» Task goal:
Locate the line bearing "Metal Charm Collection" in the material below, then reproduce it and each following line up to and including the line bearing "Žena v exotickém kostýmu od Hippolyte Arnoux".

» Source records:
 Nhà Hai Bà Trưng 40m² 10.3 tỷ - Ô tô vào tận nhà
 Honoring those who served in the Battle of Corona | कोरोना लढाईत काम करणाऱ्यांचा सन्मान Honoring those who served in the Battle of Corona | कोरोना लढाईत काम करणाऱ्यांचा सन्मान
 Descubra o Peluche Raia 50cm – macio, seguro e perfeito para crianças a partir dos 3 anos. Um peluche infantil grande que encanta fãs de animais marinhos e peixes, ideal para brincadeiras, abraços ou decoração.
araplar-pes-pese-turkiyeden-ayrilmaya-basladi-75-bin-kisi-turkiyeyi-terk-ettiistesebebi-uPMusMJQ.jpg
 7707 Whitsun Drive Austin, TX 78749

==

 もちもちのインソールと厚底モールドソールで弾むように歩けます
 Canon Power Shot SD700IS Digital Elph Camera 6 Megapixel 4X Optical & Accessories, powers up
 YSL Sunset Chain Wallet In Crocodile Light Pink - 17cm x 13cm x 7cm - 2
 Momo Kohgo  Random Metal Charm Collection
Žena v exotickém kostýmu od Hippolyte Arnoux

---

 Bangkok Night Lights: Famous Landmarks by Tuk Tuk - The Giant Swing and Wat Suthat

» Problem solution:
 Momo Kohgo  Random Metal Charm Collection
Žena v exotickém kostýmu od Hippolyte Arnoux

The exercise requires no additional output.